Major pitfalls that should be avoided in starting and doing the strategic planning may be listed as follows:


1. Failure to develop throughout the company an understanding of what strategic planning really is, how it is to be done, and the degree of commitment of top management in doing it well.

2. Failure to accept and balance interrelationships among intuition, judgment, managerial values, and the formality of the planning system.

3. Failure to tailor and design the strategic planning system to the unique characteristics of the company and its management.

4. Failure to encourage managers to do effective strategic planning by basing performance appraisal and rewards solely on short-range performance measures.


5. Failure to modify the planning system as conditions within the company change.

6. Failure to understand the analytical tools used in different parts of the planning process.

7. Failure to balance and link appropriately the major elements of the strategic planning and implementation process.

8. Failure to secure in the company a climate for strategic planning that is necessary for its success.


9. Failure to understand the importance of strategy implementation and how to make that process efficient and effective.

10. Failure to mesh properly the process of management and strategic planning.

Q.2. How does strategic planning in a small company differ generally from that in a large company?

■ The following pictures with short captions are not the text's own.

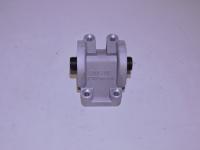 61500070051_Кронштейн крепления маслянных фильтров WD615, WP10.JPG.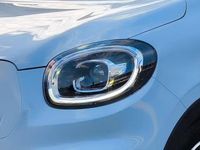 Neu Leapmotor T03 69 kW (95 PS) 2026 Caribbean blue Kleinwagen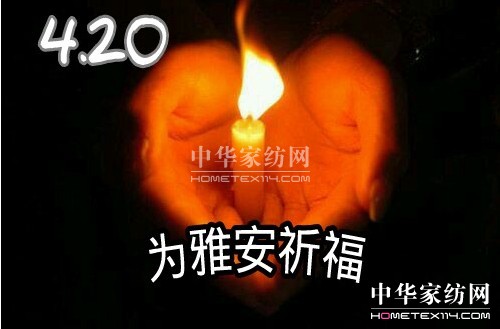 ���_�m�Ҽ�����Ğ��Ĵ��Ű�������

Ans. Strategic planning, irrespective of being formal or informal, of a small company is much less complex than in a larger company. The diagram below illustrates a typical planning model for strategic planning in a small company.

Stratetic planning in a small company

Q.3. What types of plans and planning systems would you expect to find in a large decentralised company?

Ans. The diagram below illustrates the types of plans normally found in a large company.

Types of plans in a large company

The above diagram identifies eight different plans serially numbered from (1) to (8).


Posture plans concern the company’s basic missions, purposes and underlying aims. Portfolio plans represent resource allocation among the divisions, affiliated companies or projects , Adhoc policy/strategy analysis identifies top management activities to help in making policy/strategy decisions.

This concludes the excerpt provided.